When you reach the line that contains "Guess iPhone 15" below, transcribe it and each line after it word for word to the end of the records, omitting pictures.

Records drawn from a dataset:
--- START ---
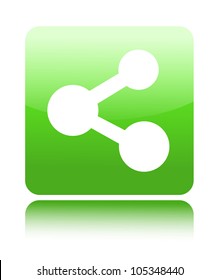 Green glossy web button with share sign on white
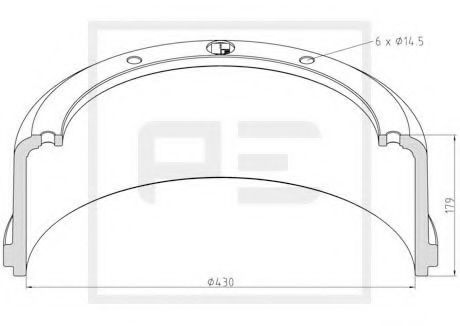 Тормозной барабан PE Automotive 016.408-00A
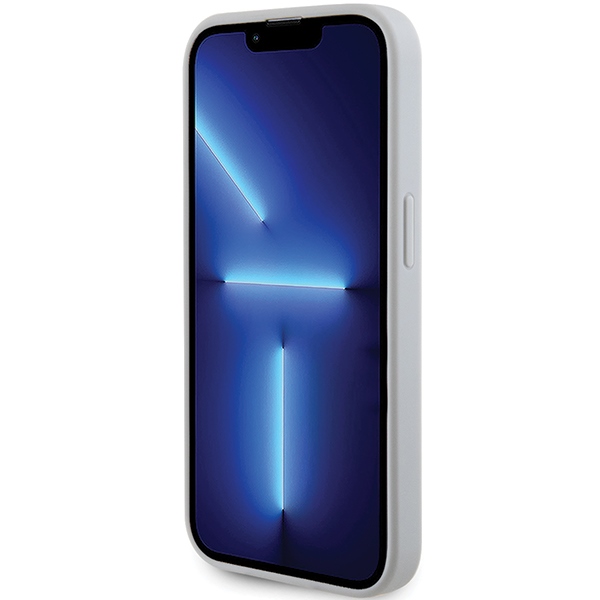 Guess iPhone 15 Pro vāciņš 4G Strass Metal Logo, sudraba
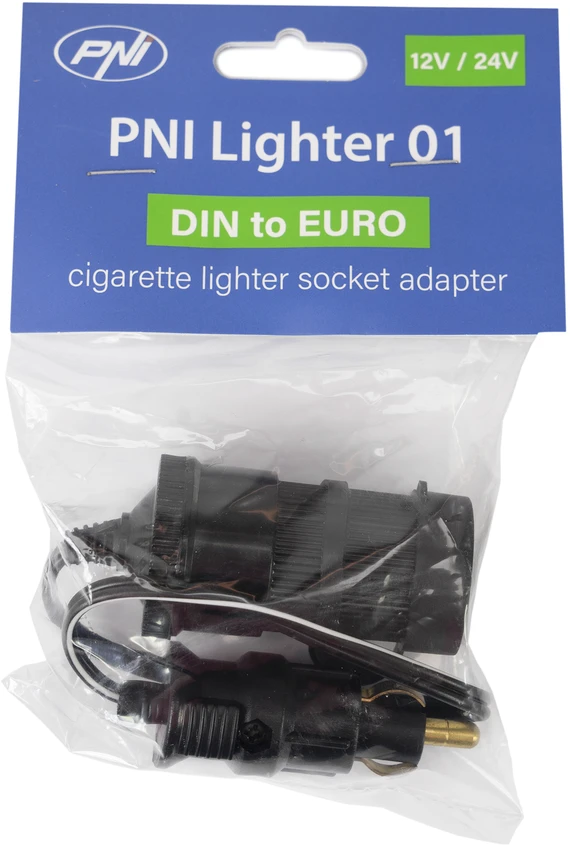 DIN adapteris į EURO cigarečių degiklio lizdą PNI Lighter 01 su ilginamuoju laidu, 12V/24V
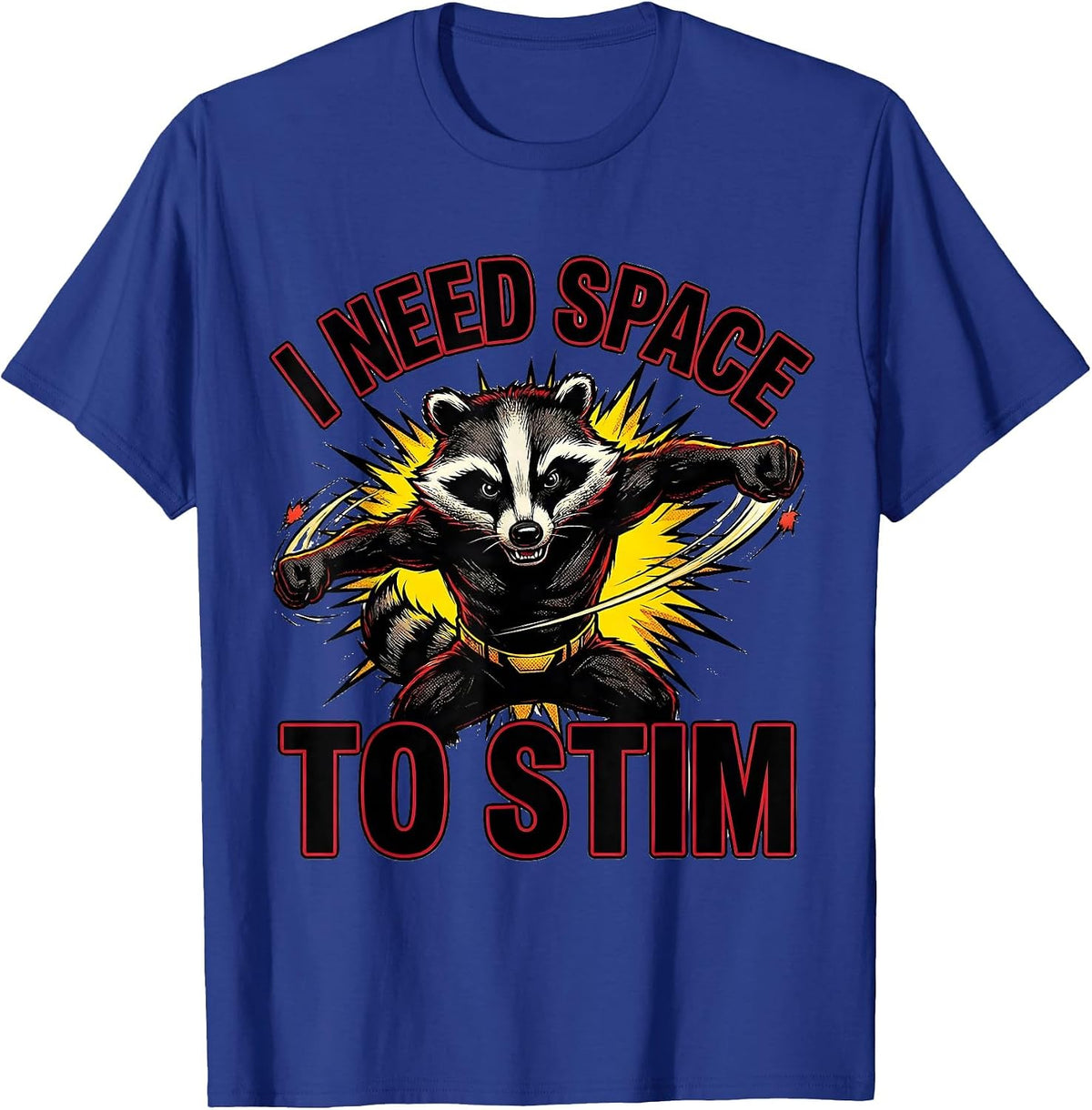 I Need Space To Stim Comic Book Autism Awareness T-Shirt - Royal Blue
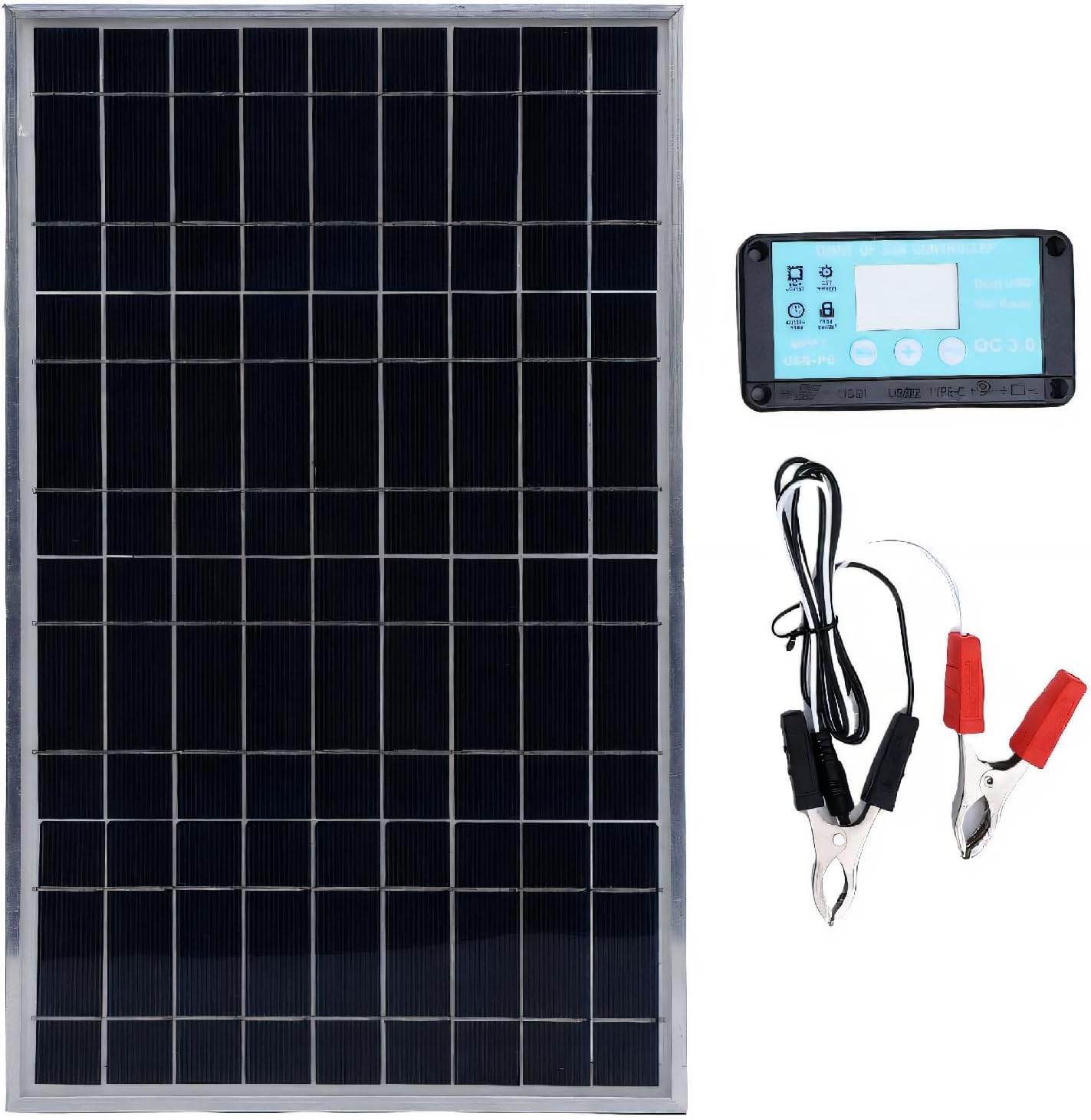 100 Watts Solar Panel Kit, 12V Solar Battery Charger, RV Boats Battery Marine Home Outdoor Off Grid System for Car RV Boat Marine Trailer Automotive
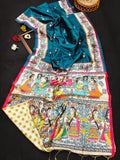 Soft Madhubani Silk Printed Kalamkari Saree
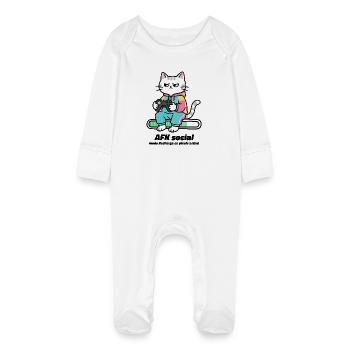 Gamer AFK Social, mode recharge en pixels activé - Grenouillère bio avec gants Bébé - blanc - Devant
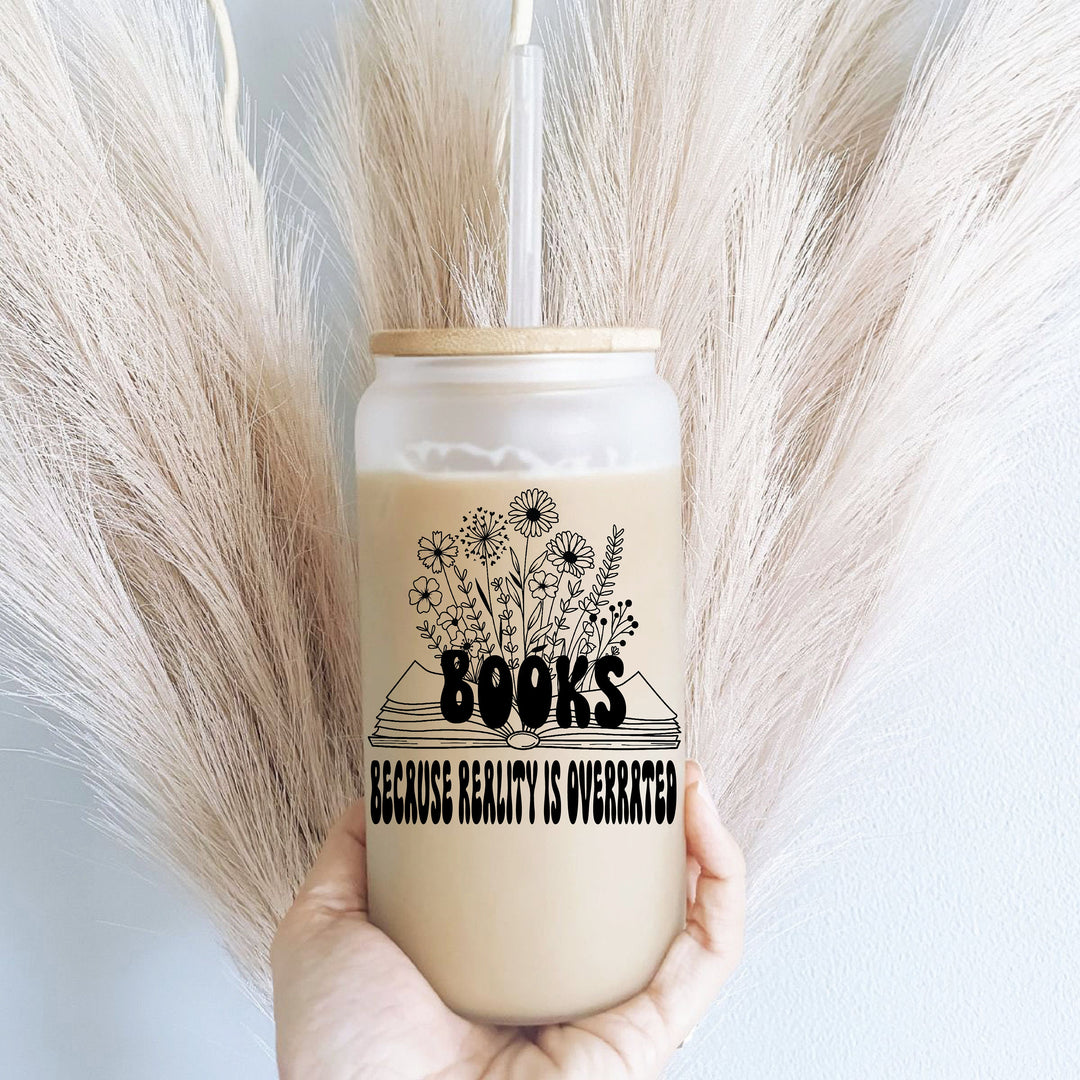 Books Because Iced Coffee Glass With Lid And Straw Tumbler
--- END ---
Task response:
 Guess iPhone 15 Pro vāciņš 4G Strass Metal Logo, sudraba
 DIN adapteris į EURO cigarečių degiklio lizdą PNI Lighter 01 su ilginamuoju laidu, 12V/24V
 I Need Space To Stim Comic Book Autism Awareness T-Shirt - Royal Blue
 100 Watts Solar Panel Kit, 12V Solar Battery Charger, RV Boats Battery Marine Home Outdoor Off Grid System for Car RV Boat Marine Trailer Automotive
 Soft Madhubani Silk Printed Kalamkari Saree
 Gamer AFK Social, mode recharge en pixels activé - Grenouillère bio avec gants Bébé - blanc - Devant
 Books Because Iced Coffee Glass With Lid And Straw Tumbler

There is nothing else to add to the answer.